If I want to copy the source_str to target_str i use memcpy() as above with length 50, which is the size of target_str. The reason I use length in memcpy is that, the source_str can have a max value of length but is usually less than that (in the above example its 20).
Now, if I want to copy till length of source_str based on its terminating character ('\0'), even if memcpy length is more than the index of terminating character, is the above code a right way to do it? or is there an alternative suggestion.
Thanks for any help.
The scenario is that target_str is initialized with 50 bytes. source_str is a string of length 20.
If I want to copy the source_str to target_str i use memcpy() as above with length 50, which is the size of target_str.
currently you ask for memcpy to read 30 characters after the end of the source string because it does not care of a possible null terminator on the source, this is an undefined behavior
because you copy a string you can use strcpy rather than memcpy
but the problem of size can be reversed, I mean the target can be smaller than the source, and without protection you will have again a undefined behavior
so you can use strncpy giving the length of the target, just take care of the necessity to add a final null character in case the target is smaller than the source :
int length = 50
char *target_str = (char*) malloc(length);
char *source_str = read_string_from_somewhere(); // length unknown
strncpy(target_str, source_str, length - 1); // -1 to let place for \0
target_str[length - 1] = 0; // force the presence of a null character at end in case
If I want to copy the source_str to target_str i use memcpy() as above
with length 50, which is the size of target_str.
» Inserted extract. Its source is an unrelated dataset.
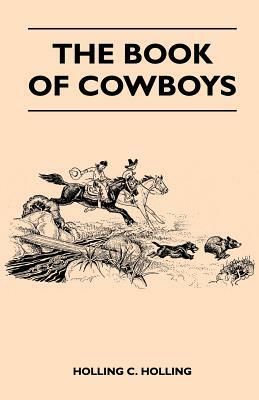 The Book of Cowboys by Holling C. Holling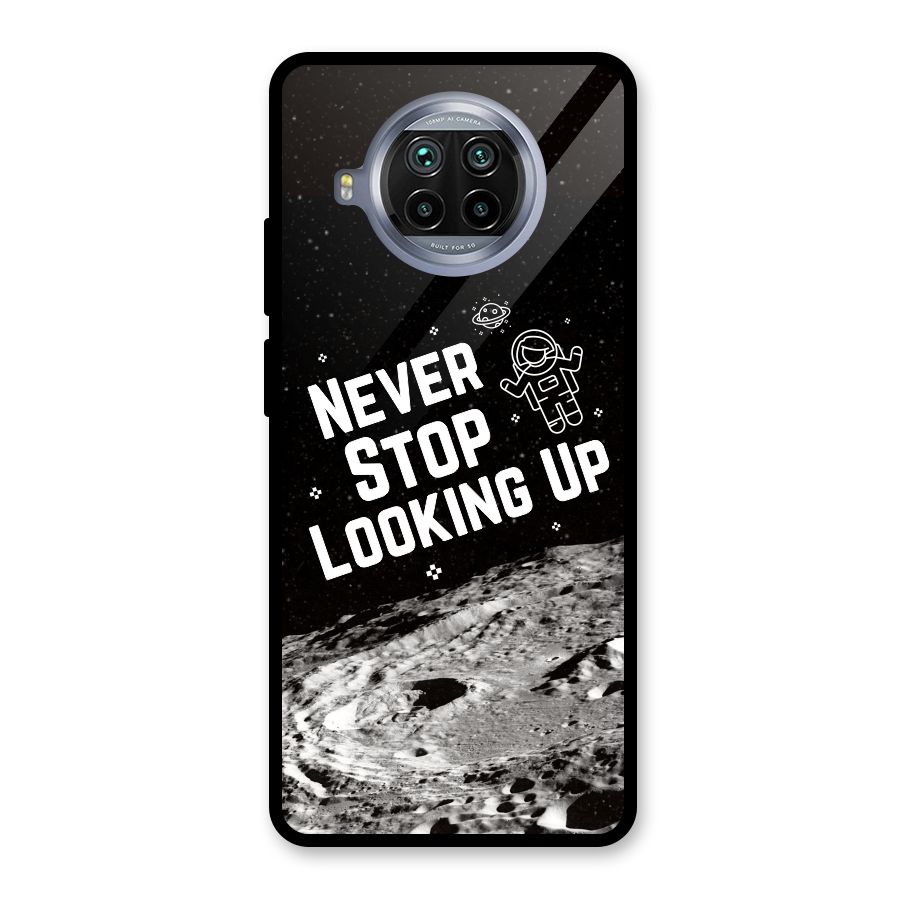 Never Stop Looking Up Glass Back Case for Mi 10i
The reason I use
length in memcpy is that, the source_str can have a max value of
length but is usually less than that (in the above example its 20).
It is crucially important to distinguish between
the size of the array to which source_str points, and
the length of the string, if any, to which source_str points (+/- the terminator).
If source_str is certain to point to an array of length 50 or more then the memcpy() approach you present is ok. If not, then it produces undefined behavior when source_str in fact points to a shorter array. Any result within the power of your C implementation may occur.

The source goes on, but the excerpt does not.